Chefdays 2015 – Roland Trettl: Was immer ihr wünscht …

Ein Wort ist unweigerlich mit Roland Trettl zu verbinden: Respekt. Warum er deswegen bei einem Schneider in die Lehre ging, Essen niemals die Chance hat ein Kunstwerk zu werden und er sich an diesem Tag gewünscht hätte, dass Justin Leone verschläft.
November 13, 2015

Stand-up-Interview

Nichts war abgesprochen. Nur, dass Roland Trettl gemeinsam mit ROLLING PIN-Chefredakteurin Katharina Wolschner auf der Bühne sitzen und Fragen beantworten wird. Welche das sein werden, wussten beide nicht.

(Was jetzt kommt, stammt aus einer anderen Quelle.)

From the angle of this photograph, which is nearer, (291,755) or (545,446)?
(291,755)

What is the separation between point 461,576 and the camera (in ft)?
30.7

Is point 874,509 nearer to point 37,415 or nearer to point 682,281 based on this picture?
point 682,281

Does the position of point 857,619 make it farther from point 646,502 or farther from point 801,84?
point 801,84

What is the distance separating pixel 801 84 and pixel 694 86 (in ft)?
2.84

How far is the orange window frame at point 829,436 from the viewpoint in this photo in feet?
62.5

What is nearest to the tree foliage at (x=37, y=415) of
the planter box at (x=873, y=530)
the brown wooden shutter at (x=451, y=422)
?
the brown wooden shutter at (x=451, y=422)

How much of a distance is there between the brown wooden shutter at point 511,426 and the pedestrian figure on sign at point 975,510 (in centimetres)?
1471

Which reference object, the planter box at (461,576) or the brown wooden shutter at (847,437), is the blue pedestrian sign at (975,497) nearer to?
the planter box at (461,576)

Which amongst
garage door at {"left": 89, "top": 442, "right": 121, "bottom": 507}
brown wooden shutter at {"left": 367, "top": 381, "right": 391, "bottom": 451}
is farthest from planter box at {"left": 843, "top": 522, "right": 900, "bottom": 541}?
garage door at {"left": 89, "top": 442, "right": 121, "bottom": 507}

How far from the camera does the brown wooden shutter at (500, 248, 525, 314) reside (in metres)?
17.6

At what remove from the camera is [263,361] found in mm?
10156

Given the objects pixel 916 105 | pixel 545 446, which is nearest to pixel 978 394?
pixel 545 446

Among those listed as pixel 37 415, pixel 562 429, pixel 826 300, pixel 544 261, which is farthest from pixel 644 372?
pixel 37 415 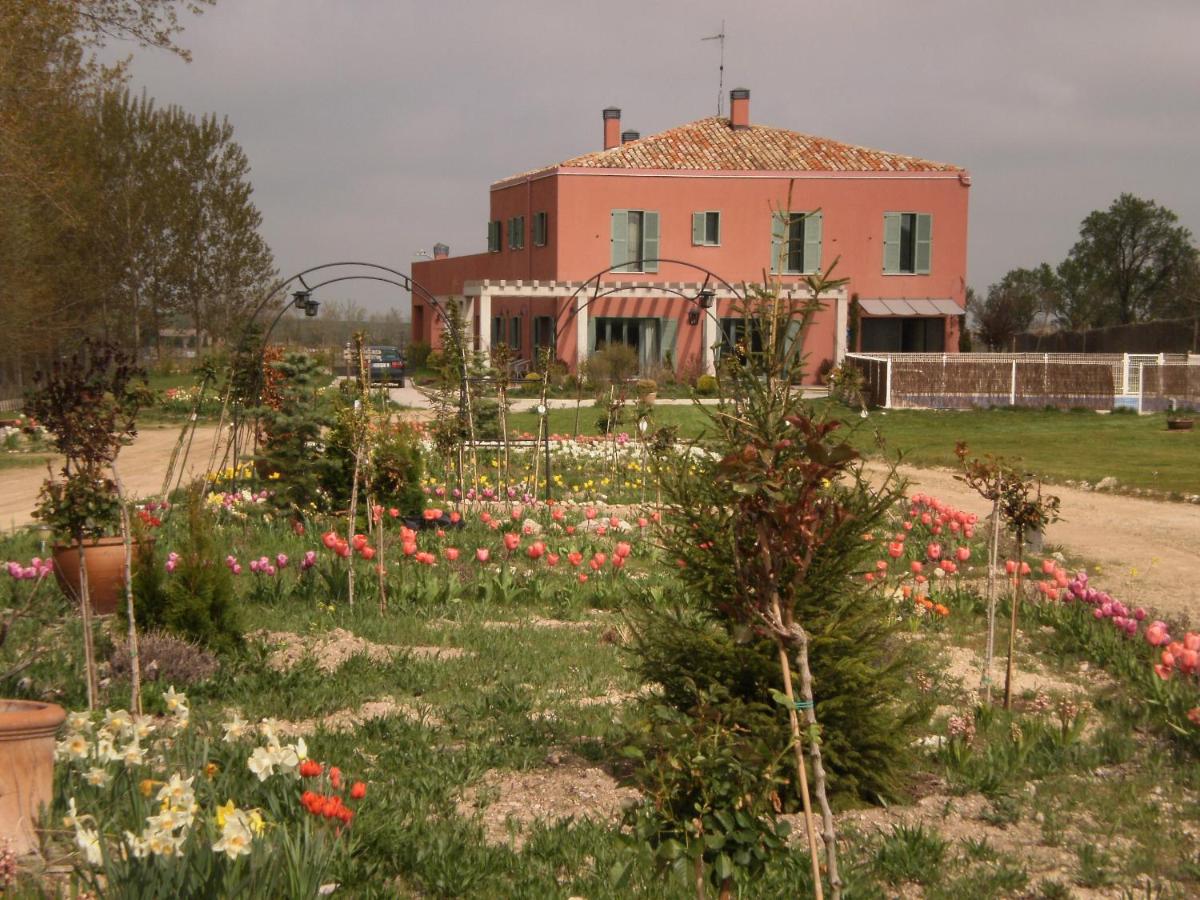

Denn diese kamen via Facebook in Real Time direkt aus dem Publikum.

Vergangenheit und Gegenwart: Warum war im Hangar-7 Schluss und was machen Sie seit Ihrem Abgang?
Roland Trettl:
Die Aufgabe als Executive Chef im Hangar-7 war eine einzigartige Möglichkeit und ich war mir 2003 sicher, dass ich mich nach zwei Jahren noch nicht langweilen werde. Es war ja quasi monatlich eine Neueröffnung für mich, ich war weltweit unterwegs, habe spannende Menschen und richtige Ärsche kennengelernt. Das war auch einer der Gründe, warum ich nach fast elf Jahren die Reißleine gezogen habe. 120 Gastköche, die man besucht, deren Küche in Salzburg umgesetzt hat, und elf Kochbücher – das war doch recht viel Stress und auch gesundheitlich war ich nicht mehr auf der Höhe. Ich musste aufhören, denn sonst war klar, dass ich es nicht mehr lange machen werde. Das ist jetzt eineinhalb Jahre her – seither bin ich auch ein sehr glücklicher Mensch. Lebe in einer Selbständigkeit, genieße meine Familie. Es reicht so zum Überleben …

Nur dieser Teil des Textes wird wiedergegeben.